What the exercise asks »
Print the records below exactly, from the line containing "600 N Dearborn" down to the line containing "Cetvorosoban stan, Sombor", both lines included, and omit every picture.

═══ Material to process

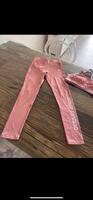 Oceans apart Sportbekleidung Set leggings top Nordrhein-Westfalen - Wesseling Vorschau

══════
═══ Material to process

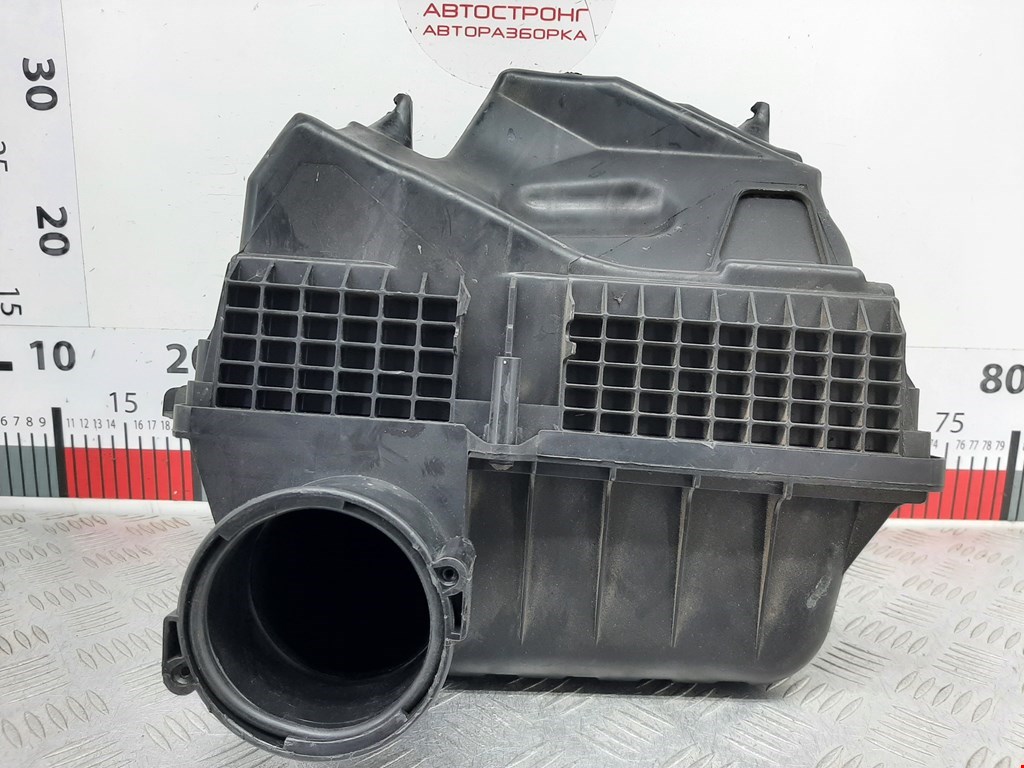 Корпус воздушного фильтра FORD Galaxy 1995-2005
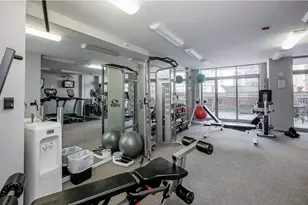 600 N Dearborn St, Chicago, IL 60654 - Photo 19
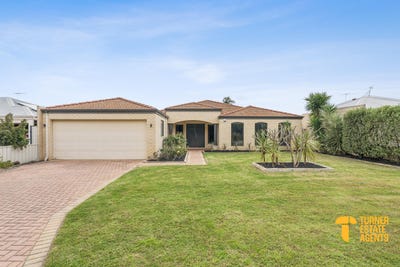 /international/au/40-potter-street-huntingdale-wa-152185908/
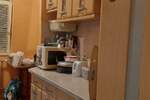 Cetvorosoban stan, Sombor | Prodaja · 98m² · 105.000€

══════

Your response »
 600 N Dearborn St, Chicago, IL 60654 - Photo 19
 /international/au/40-potter-street-huntingdale-wa-152185908/
 Cetvorosoban stan, Sombor | Prodaja · 98m² · 105.000€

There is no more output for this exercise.